■ **Work to be completed**:
Look below for the line with "Matabeleland South Acheter" and the line with "Cameron Kerns - Facebook". Copy exactly those two lines and every line between, but not the pictures.

■ **Exercise data**:
++++++++

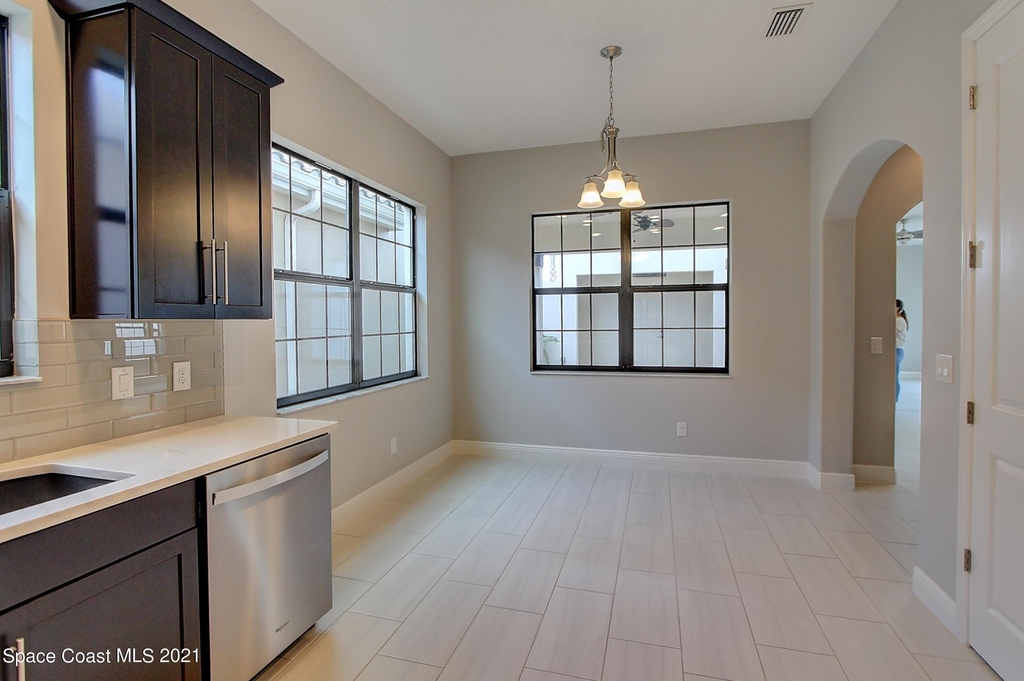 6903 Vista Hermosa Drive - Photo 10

++++++++

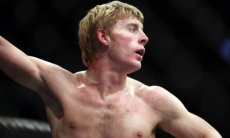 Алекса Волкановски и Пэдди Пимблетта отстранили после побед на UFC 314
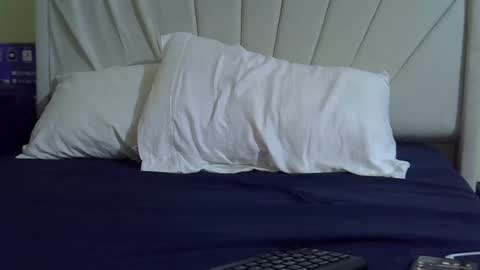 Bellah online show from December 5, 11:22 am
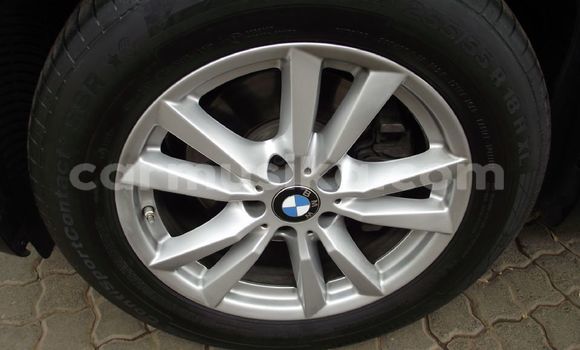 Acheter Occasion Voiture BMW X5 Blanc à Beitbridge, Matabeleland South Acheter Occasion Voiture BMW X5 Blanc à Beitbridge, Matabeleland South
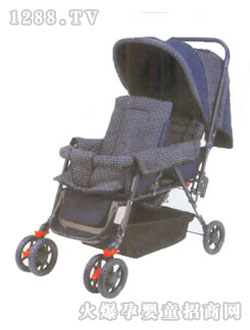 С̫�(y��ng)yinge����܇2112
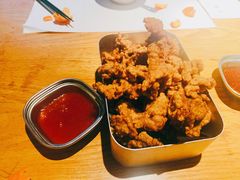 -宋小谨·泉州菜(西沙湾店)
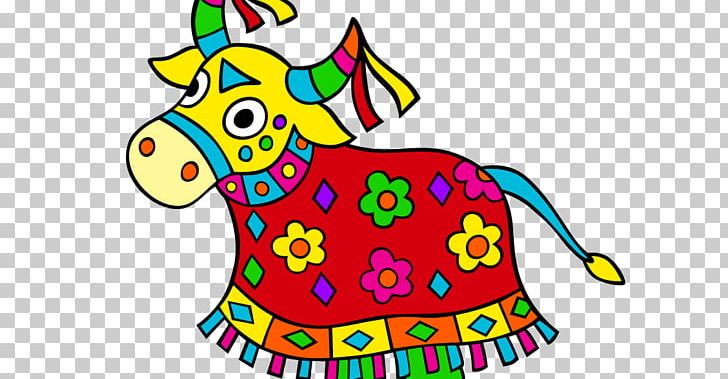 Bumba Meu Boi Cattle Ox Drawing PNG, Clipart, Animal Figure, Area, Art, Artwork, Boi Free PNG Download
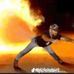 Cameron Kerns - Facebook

++++++++

■ **Answer area**:
 Acheter Occasion Voiture BMW X5 Blanc à Beitbridge, Matabeleland South Acheter Occasion Voiture BMW X5 Blanc à Beitbridge, Matabeleland South
 С̫�(y��ng)yinge����܇2112
 -宋小谨·泉州菜(西沙湾店)
 Bumba Meu Boi Cattle Ox Drawing PNG, Clipart, Animal Figure, Area, Art, Artwork, Boi Free PNG Download
 Cameron Kerns - Facebook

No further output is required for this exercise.